So in the last month of summer (another summer gone!) I managed to slog through two long but very worthwhile books.
First was Tim Weiner's
Legacy of Ashes, a history of the Central Intelligence Agency from its founding through the creation of a new Director of National Intelligence (to replace DCI) in 2007. Weiner, who was the NYT's intelligence beat writer for 20 years, makes pretty clear that the CIA was a colossal failure--it was never able to generate useful intelligence about the USSR (its primary mission for most of its history); rarely warned the president of impending events (e.g., in 1998 President Clinton probably read about the Indian nuclear test in the newspaper before CIA gave him a heads-up); and there's the whole 9/11 thing.
One unusual facet of the book is that Weiner is unusually sympathetic to the folks who worked at CIA during his time covering them. So he's harsh on early CIA folks (e.g., Allen Dulles), but kinder to folks like George Tenet (or Bob Gates). That's not to say that he's positive re: Tenet, but just that he seems more sympathetic, because he knew the guy. So the tone of the book changes some time in the 1980s. Even though the CIA never got anything right, Weiner worries when experienced types leave the Agency in droves at the end of the Cold War. But if they never got anything right, what value their experience?

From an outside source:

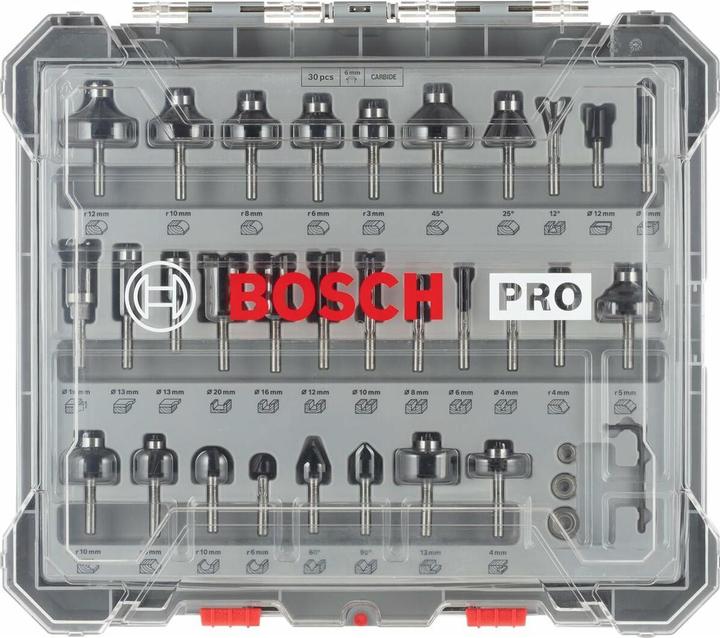 Produktbild Bosch Professional Zubehör 30-teiliges Fräser-Set, 6-mm-Schaft für Handfräsen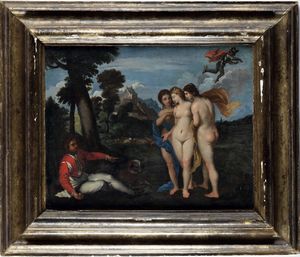 Giorgio Zorzi detto Giorgione, copia da : Il giudizio di Paride  - Asta Dipinti antichi - Associazione Nazionale - Case d'Asta italiane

Definitely worth the read. I learned a lot. One thing, the book will remind you how insular and incestuous DC really is. In 1976, the DCI went to Plains, GA, to brief Jimmy Carter on intelligence. That DCI? George Herbert Walker Bush.

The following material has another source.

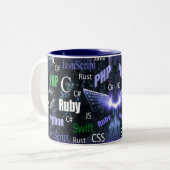 Programmeertalen Blauw patroon Tweekleurige Koffiemok (Voorkant links)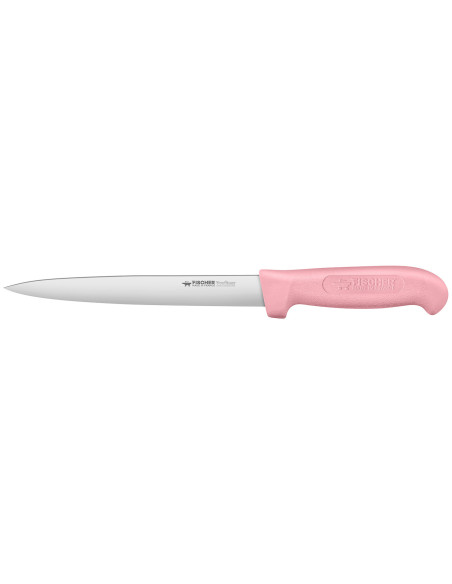 Faca para desossar Fischer Creative Chef de 20 cm com cabo moldado na cor rosa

Next up, and even more worth reading (i.e., YOU MUST READ THIS BOOK) is Rick Pearlstein's
Nixonland. If were still teaching American Government courses, I would teach this. It might not be freshman level, though.

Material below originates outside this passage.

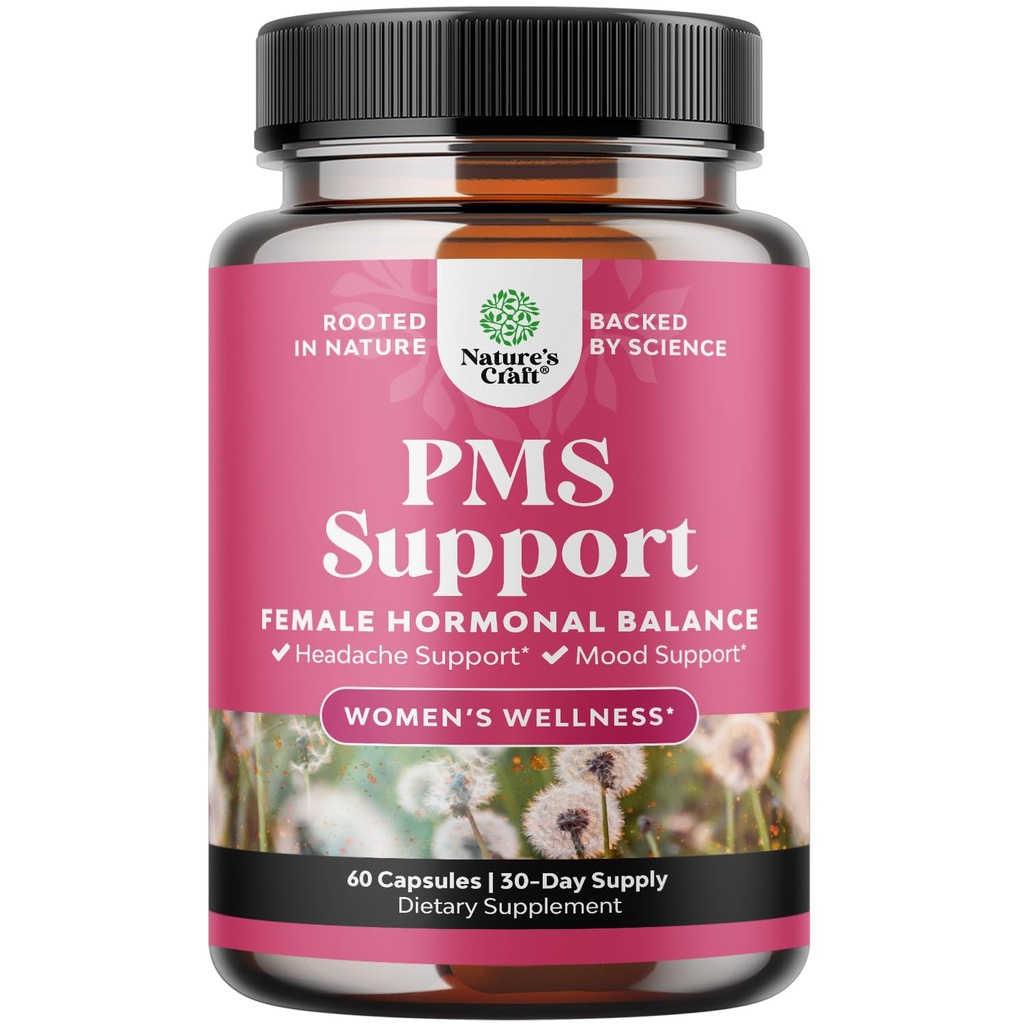 Suplemento de apoio PMS para mulheres – Equilíbrio Hormônio para Mulheres & Desconforto Menstrual com DIM, Chasteberry, Black Cohosh & Ashwagandha - para Cães Período Fácil, Menopausa Bloating, Mood Swing – 60 Ct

Pearlstein documents, in loving detail, how RMN was able to exploit American polarization over the 1960s into power; how the American consensus unraveled--in large part because ambitious pols, and not just Nixon (I'm looking at you, George Wallace) were willing to do it to acheive power. I'm not sure how things could have turned out otherwise. But
Nixonland provides an excellent roadmap to how we got where we are now.